Option A — export in your shell:
export ANTHROPIC_API_KEY=sk-ant-...
Option B — create a .env.mykg file:
# .env.mykg
ANTHROPIC_API_KEY=sk-ant-...
For source installs you can also copy sample.env.mykg to .env.mykg as a starting template.
Extract Pipeline
Reads a directory of mixed format files and produces a typed knowledge graph in three output formats. The pipeline runs 12 sequential steps; all intermediate state is persisted so any step can be re-entered without repeating upstream work.
Running
mykg extract-graph <input_dir> [OPTIONS]
# source installs: uv run mykg extract-graph <input_dir> [OPTIONS]
<input_dir> is any directory containing your source files. Subdirectories are included recursively. Only files matching the configured extensions are copied into the session:
.md— always included (the pipeline's native format)- All extensions listed under
preprocess.extensionsinmykg_config.yaml(.pdf,.docx,.doc,.pptx,.png,.jpg,.jpeg,.html,.htmby default)
Everything else (.py, .json, .yaml, lock files, etc.) is ignored.

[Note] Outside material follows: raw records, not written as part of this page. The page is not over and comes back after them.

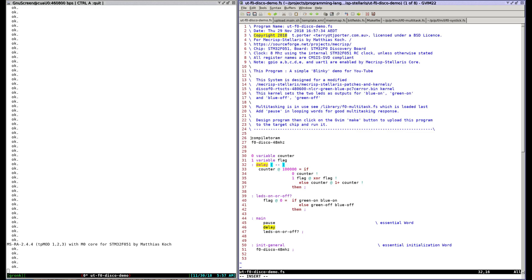It compiles the source code to RAM, switches the target clock from 8 megahertz to 48 megahertz and now we get to the main program itself.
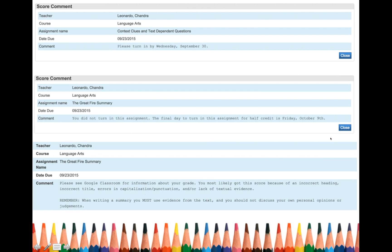Okay. So for the great fire summary, please see Google classroom for information about your grade. So anytime you type something on a document, I try my best to leave you comments. I try to let you know what you can improve in some areas of strength as well.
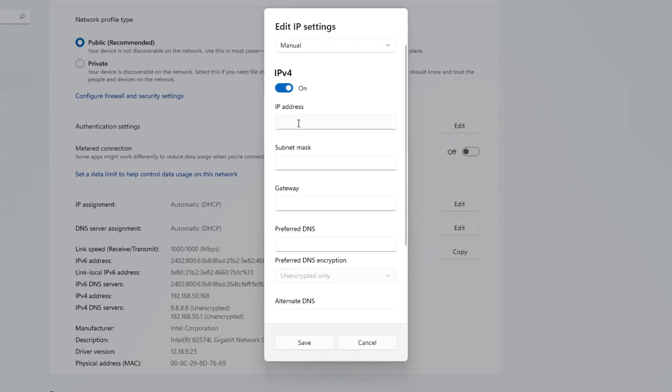Input the static IP address. Enter the subnet mask, default gateway, and DNS server that you recorded earlier. You can change the DNS server from Google, OpenDNS, or Cloudflare.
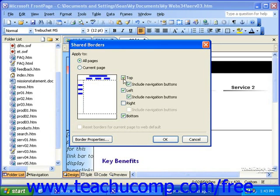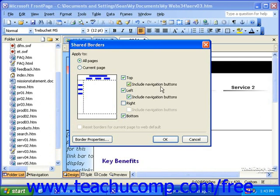Also, with the top, left, and right options, you have the option to include navigation buttons. When you're finished here, click OK.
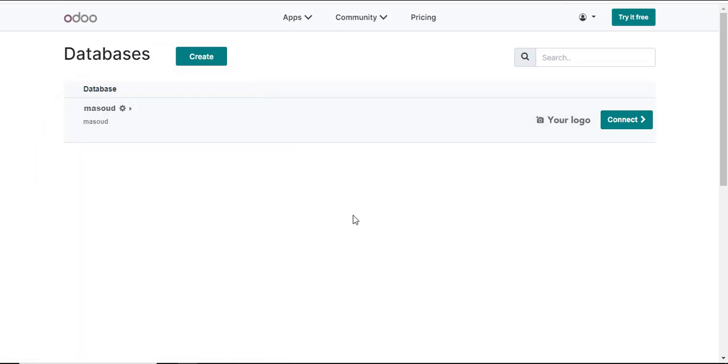Well that's how simple you erase everything from your database in Odoo. Thanks for watching and I'll see you in the next nugget.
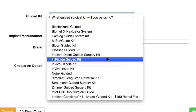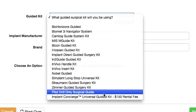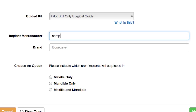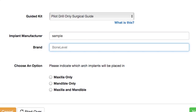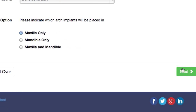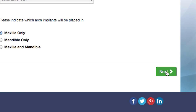If you do not own a guided kit, no problem. Select the Pilot Drill Only option and then complete the implant information. For this demo, we will be placing implants in the maxilla arch. Click Next.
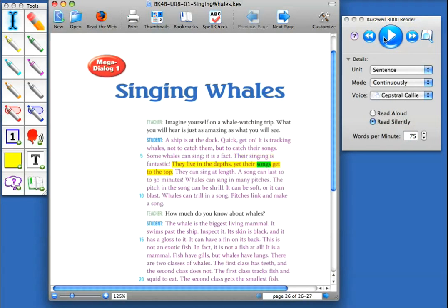At any point, the student can stop on a word that they're having difficulty with, switch back to read aloud mode if they need to, either click to listen to the word, or go to the dictionary tool inside the word lookup feature to get additional information.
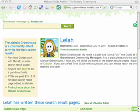Here are instructions for personalizing your Greenhouse Profile page with a unique avatar and a personalized biography. These are instructions for a Mac, but the process is similar on a PC platform.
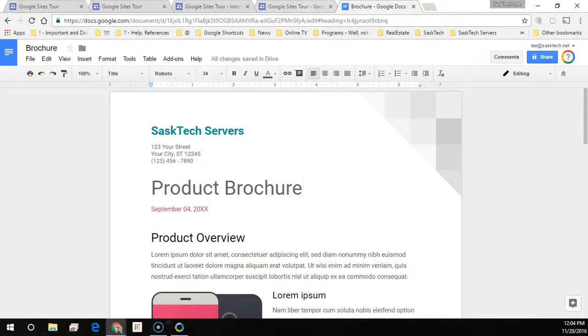In this video, we're going to embed this Google document into the new Google Sites.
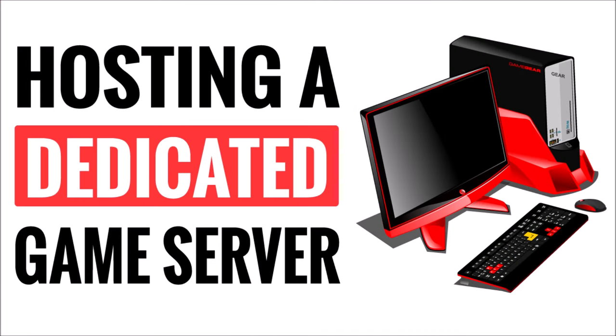In this video, I'm going to give you the general steps to follow to host a game server at your home.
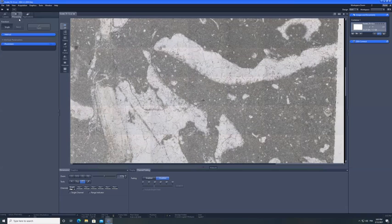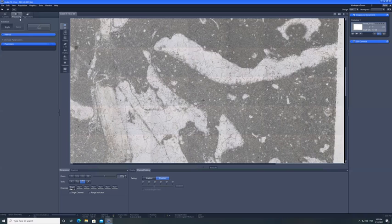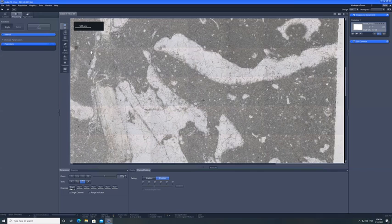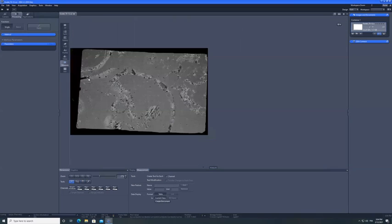So this is the scale bar using the Zeiss Zen software. I believe there should be a way to measure things out. Here we go. This is the scale bar.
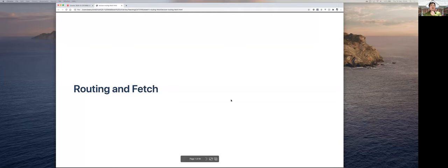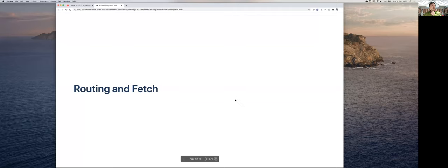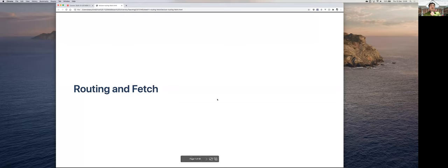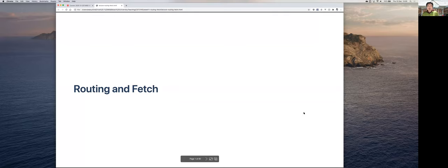Are you seeing my screen okay? I'm using a new monitor now, it's a little bit wider than the old one, so things might appear a bit smaller. But later on it will be easier when we need to show both the slides and the code when we do the demo.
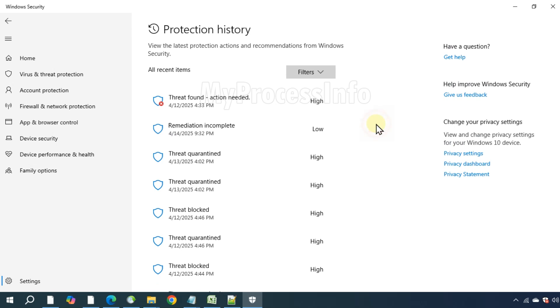However, if you don't find the threat listed in the history, that means the notification was fake, and you may have been tricked by a malware infection.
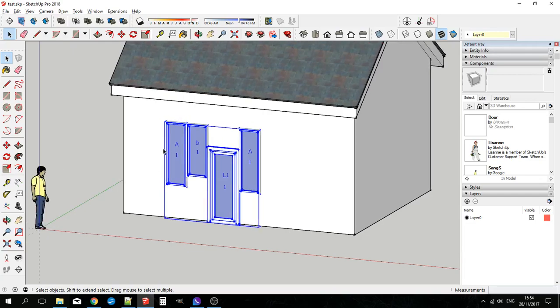So there we have our window A and A and B just where we asked it to be. And you'll notice these windows are a bit narrower because we've asked this to be fixed width at 900. But they'll all be fitting in to a width of 2.7 metres.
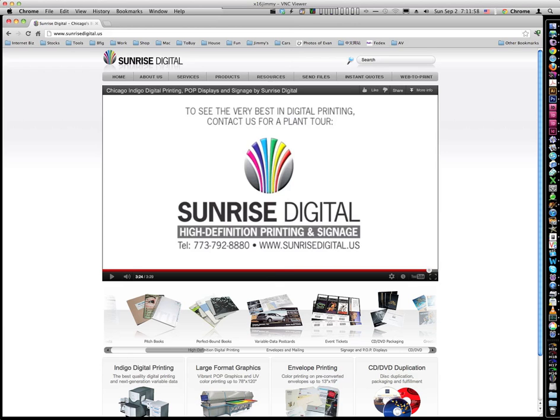Hi guys, this is Jimmy from Sunrise Digital. I just started using Picasa for sharing photos on the web a few days ago and I think it's a great, great program.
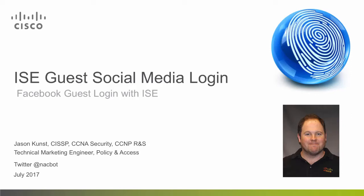Hello, my name is Jason Kunst. I'm a Technical Marketing Engineer for the Cisco Security Policy and Access Team, focusing on Identity Services Engine and Guest Access. This presentation is focused around Guest Social Media Login with Facebook. Today I will do a quick overview of the features, its configuration, and a demo of the basic flow.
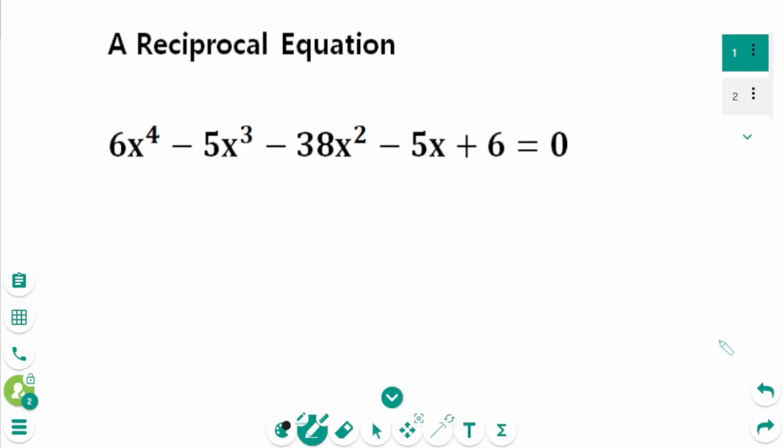This video will cover how to solve the reciprocal equation. An equation in which the coefficients of each term are symmetrical about the middle term is called the reciprocal equation.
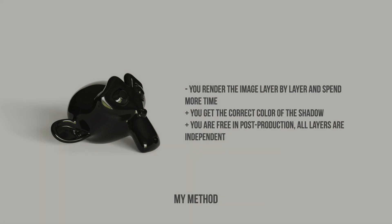And here is my method. You render all these layers separately and spend more time. But you get the correct color of the shadow. If your background is not just gray, this is really important. And you're free in post-production. You can edit each layer separately because they are independent. Which way to choose is up to you. If you choose quality, let's start.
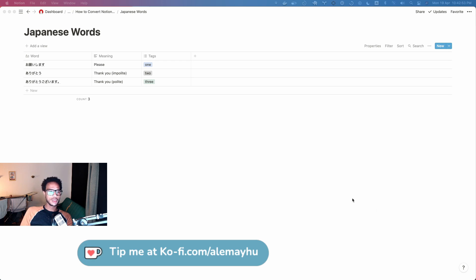Hey friends, I hope you're doing well today. We're going to take a look at how you can convert a Notion table into Anki flashcards.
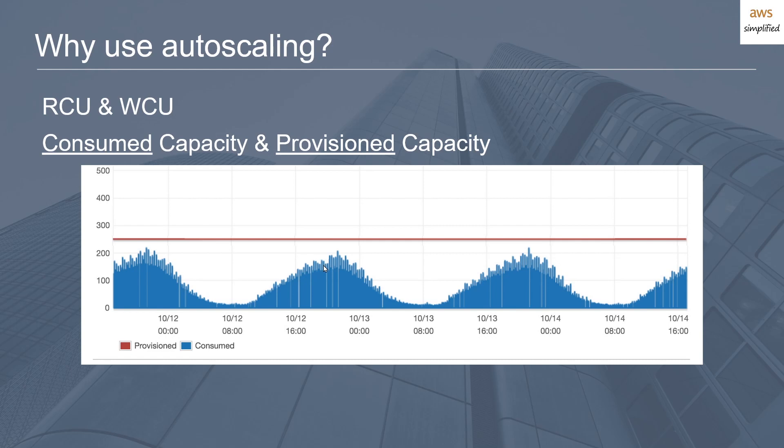And finally, provision capacity. This is the amount of capacity that you're telling Dynamo that you want to reserve for your table. So keep in mind that if your provision capacity is high, say something like 500 RCUs, but your consumed capacity is low, say 25 RCUs, you'll always be paying for the amount of provision capacity, so 500, even though you're actually only using 25. So there's a waste there of 475 units during that period of time. The objective is to keep your provision capacity as close to your consumed capacity as possible. In this example, our provision capacity is represented by this red line here, and our consumed is through this blue line.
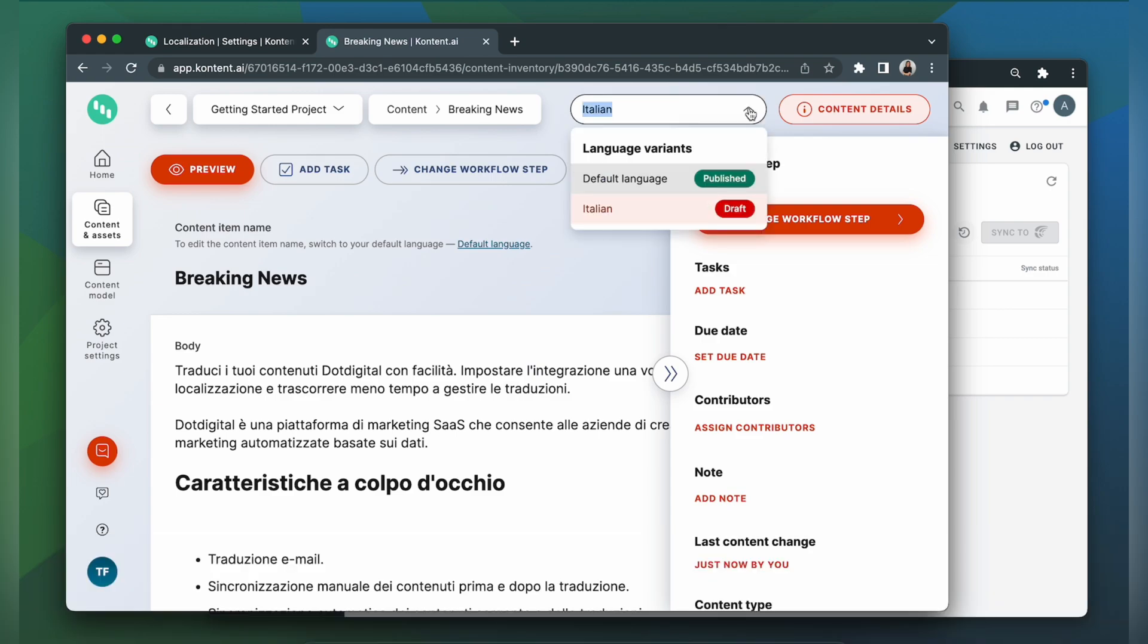But as you can see, it is a draft. Contentful does not allow to update language variants when they are archived or scheduled. You have to create manual drafts for those language variants to be able to upload translations from Crowdin. If the variant is published, a new draft will be created automatically.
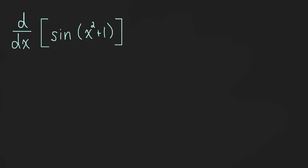What I'd rather do is I'd rather just use words and sentences to kind of guide our way through this. So, to use the chain rule, you want to take the derivative of the outside. So that's the first thing, derivative of the outside.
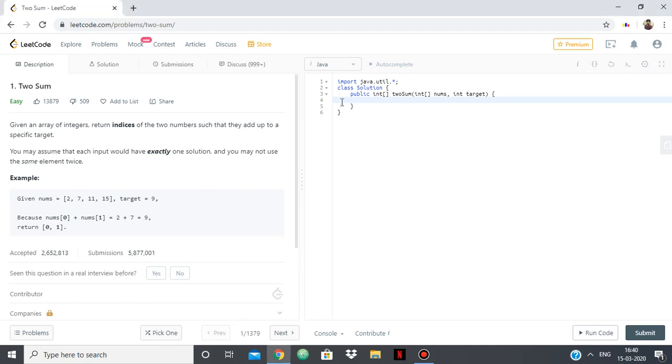Hello everyone. In this video we are going to see the solution for the LeetCode problem Two Sum. So basically we are given an array of integers and we have to return the indices of the two numbers such that they add up to a specific target.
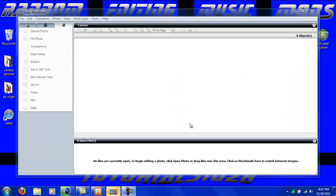Hey YouTube, this is Tutorials1028 and today I'm going to show you guys how you can make your very own desktop background with Roxio Creator Photoshoot 2012.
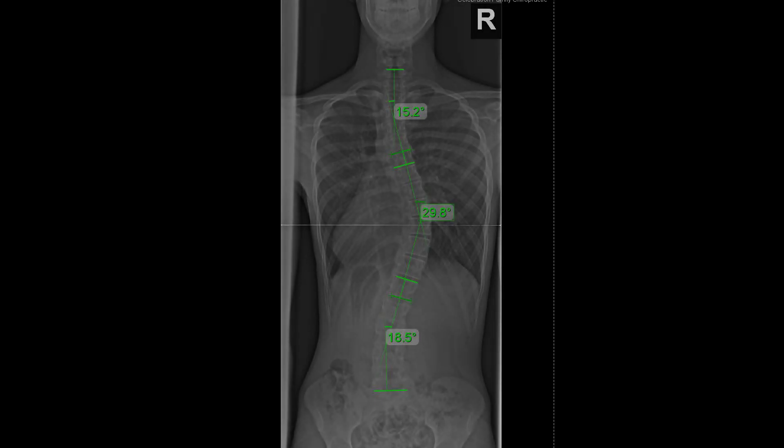Can scoliosis affect your height? In understanding how scoliosis can affect the body, the first thing you have to understand is what is scoliosis. Scoliosis is a progressive structural spinal condition that not only can affect the spine, but it can affect many different systems of the body.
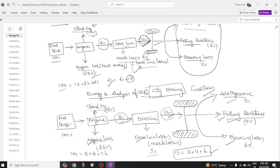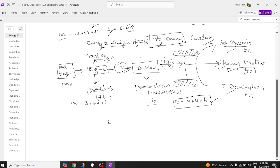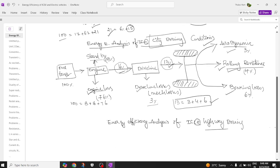Now let us see the energy efficiency analysis at highway driving. In highway driving, there is better efficiency because there are fewer stops. You need to change gears and use the clutch for longer periods. If you engage the highest gear, the vehicle can propel with maximum mileage. Just remember: if you understand one analysis, all the others follow the same pattern.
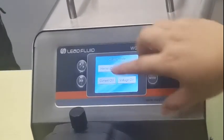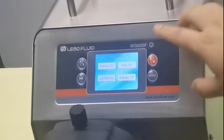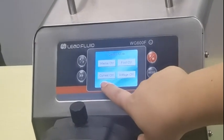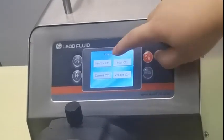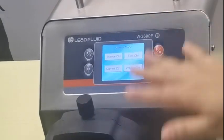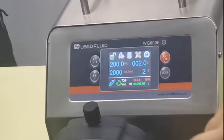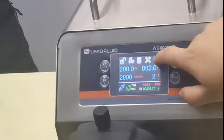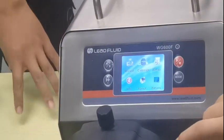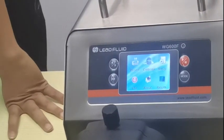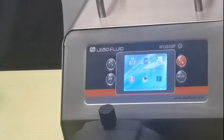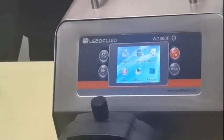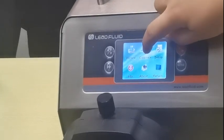Control can also be done via external signal — many customers use the international standard for current and voltage control. And when you need to transport different liquids, it is better to calibrate the pump first.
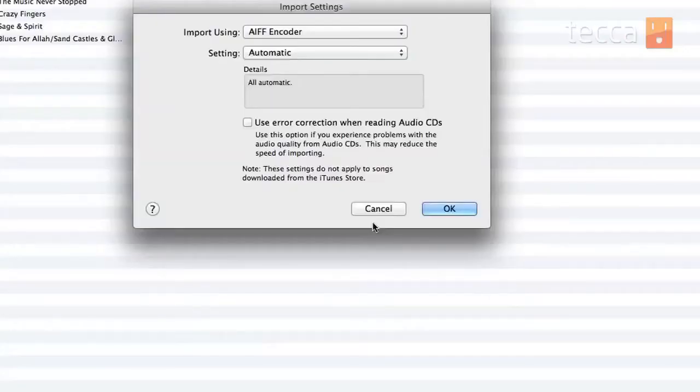We've got Grateful Dead we're going to import today. Now before you get started you want to make sure that you've set your CD import settings to the highest quality — we've covered that in another Just Show Me that we'll link to in the show notes. So we've got our CD and we are going to insert that into our computer. I've set my import settings to ask to import CD.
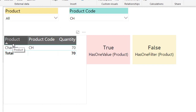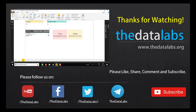To summarize: HASONEVALUE and HASONEFILTER work similarly, but with one key difference. HASONEVALUE does not care whether the column is filtered by a cross filter or direct filter — if it has one unique distinct value, it returns true. HASONEFILTER, however, cares about the type of filter: it requires a direct filter on the column, and if that column also has one distinct value, it returns true; otherwise it returns false. Hope you enjoyed this video — please like, share, and subscribe.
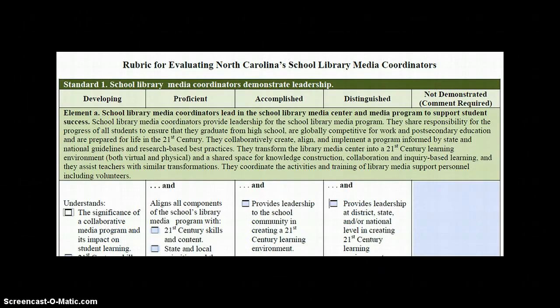As an evaluator, you'll use the rubric and check descriptors that are observed during a lesson, an informal observation, or as a result of review of artifacts. If you're not able to mark any of the descriptors for an element, then the Not Demonstrated column is used. In such a case, you must write a comment about the School Library Media Coordinator's performance and include suggestions for improvement.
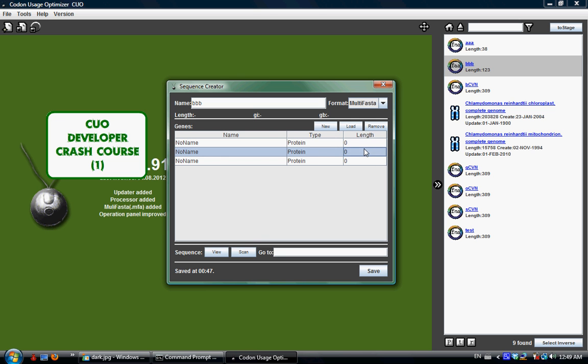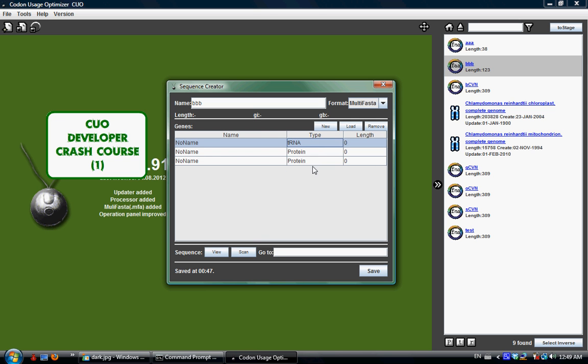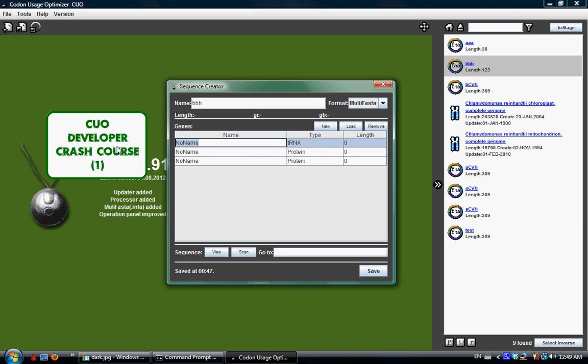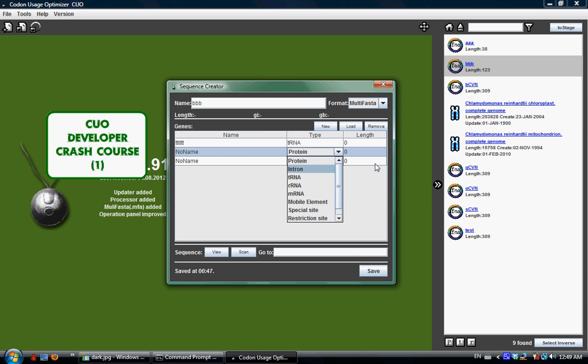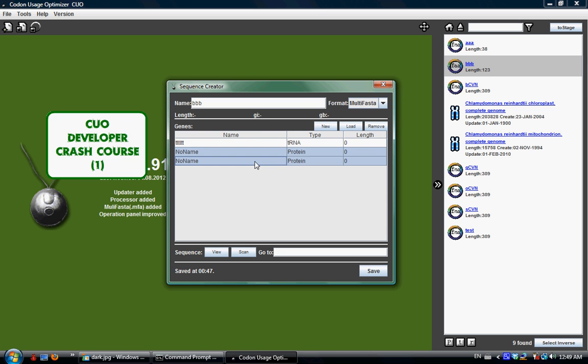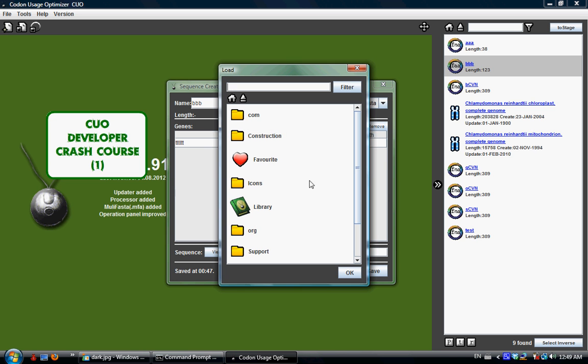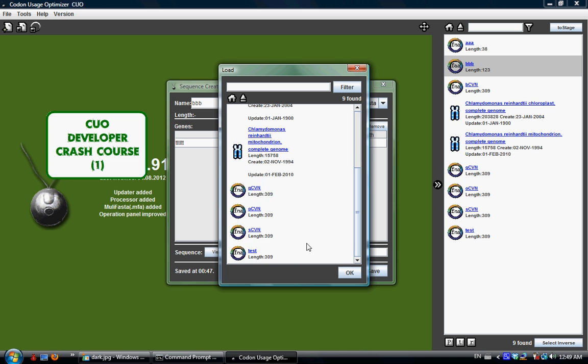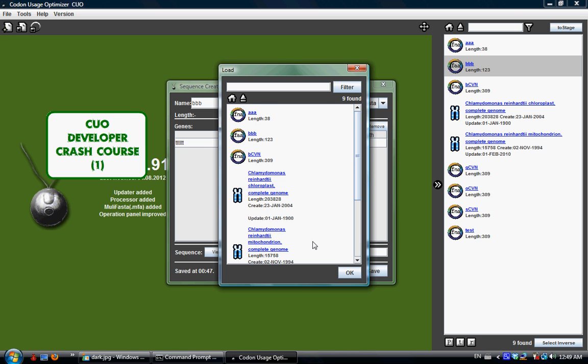This type here you can actually change the type of your fragment to any type you like, let's say to something. Double click the name, you can change the name. Let's say you want to remove this tool, select it and then click remove. Usually what I do is I try to load a few fragments that I like to compile into one MFF file.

Hidden directories (.venv, .git, etc.) and the sessions folder are also excluded automatically, so you can safely point extract-graph at the project root or any parent directory.
Options
| Option | Description |
|---|---|
--session NAME |
Resume an existing session by folder name |
--from-step NAME |
Delete a step's outputs and re-run from that point |
--review |
Pause after Pass 1 for manual schema review |
--append |
Skip Pass 1; re-run only on new/modified files |
--workers N |
Parallel workers for Pass 2 |
--confidence-agg mean|max |
Confidence aggregation when deduplicating |
--base-schema PATH |
Locked TBox TTL file (locked classes/properties cannot be changed by the LLM) |
--thesaurus PATH |
SKOS TTL thesaurus for synonym resolution in schema merge |
--obsidian-vault |
Force Obsidian vault export for this run (overrides config) |
--neo4j-csv |
Force Neo4j LOAD CSV bundle export for this run (overrides config) |
--log-file PATH |
Write logs here (relative paths placed inside the session folder) |
--verbose / -v |
Enable DEBUG-level logging |
Examples
# New run — auto-creates a timestamped session
mykg extract-graph my_notes/
# Resume a session with 4 parallel Pass 2 workers
mykg extract-graph my_notes/ --session 2026-05-17T18-31-07 --workers 4
# Pause for schema review after Pass 1
mykg extract-graph my_notes/ --review
# → edit mykg_sessions/<name>/intermediate/schema.json
mykg approve-schema --session 2026-05-17T18-31-07
mykg extract-graph my_notes/ --session 2026-05-17T18-31-07 --review
# Re-run from assembly onward (reuses existing extractions)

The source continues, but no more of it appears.